Plato held promise as an avenue to seek out an account of philosophical value in verbal and procedural works of philosophy alike, but the conditions for philosophical discourse outlined in the Phaedrus have not shown that the content of expressive artifacts can account for the philosophical value of those artifacts. As indicated in Bogost’s discussion of dialectic, neither video games nor written works are effectively capable in themselves of bringing people together to discuss matters of truth and falsehood, right and wrong, à la the Athenian assembly; as has just been demonstrated, they are also incapable of simultaneously approaching the norms of responsiveness and proper length typical of philosophical dialectic as it is described and prescribed in the Phaedrus.

It would seem that according to Phaedrus’s normative account, both video games and academic research articles are to be relegated to the status of “amusements,”[55] alternately translated as “jokes”[56] from the Greek term paidia. Rather than creating such expressive artifacts, Socrates advises Phaedrus to instead “be more serious about these matters, and use the art of [conversational] dialectic”;[57] has Plato thus directed us away from the pursuit of truly philosophical video games? Should we exile written and procedural works alike to the outskirts of philosophy, without discrimination?

5 The Product of a Game in the Process of Philosophy

While Socrates sets a high bar for philosophy in the Phaedrus which appears unattainable for video games and research articles alike, Plato nevertheless shares this teaching by way of a written work, i.e., the Phaedrus itself, which would seem to fall short of the ideals prescribed therein. Indeed, Socrates seems to confirm this in his description of the conversation with Phaedrus as a “playful amusement regarding discourse.”[58] If the Phaedrus is paidia (i.e., a plaything, a joke, an amusement), then ought it be discarded as a potential guide for aspiring designers of philosophical works of procedural rhetoric? No – as a matter of fact, this apparent self-undermining of the authority of Plato’s written work points the way toward a clarified understanding of the role of paidia in philosophical education and the ideals toward which philosophical paidia might strive.

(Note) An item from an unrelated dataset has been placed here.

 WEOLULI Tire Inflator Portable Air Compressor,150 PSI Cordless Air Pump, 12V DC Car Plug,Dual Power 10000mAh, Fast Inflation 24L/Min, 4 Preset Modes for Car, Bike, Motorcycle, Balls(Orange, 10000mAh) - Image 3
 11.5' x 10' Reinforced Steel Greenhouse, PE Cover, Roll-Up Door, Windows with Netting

As Arthur A. Krentz[59] and Timothy Ignaffo[60] have observed, there is a deep connection between play (paidia) and education (paideia) in Plato’s thought. In Book VII of the Republic, for example, Socrates advises Glaucon to teach children through play instead of work[61]; the Laws likewise state that

A man who intends to be good at a particular occupation must be surrounded by the special ‘tools of the trade’. For instance, the man who intends to be a good farmer must play at farming, and the man who is to be a good builder must spend his playtime building toy houses; and in each case the teacher must provide miniature tools that copy the real thing.[62]

Thus, playthings in Plato are not always bad or useless; indeed, these passages suggest that they might be necessary in education. The Phaedrus sets high expectations for philosophical expression, but it does not go so far as to deny that playthings can have any value in philosophy; it only indicates that such amusements are not the ultimate goal of philosophy.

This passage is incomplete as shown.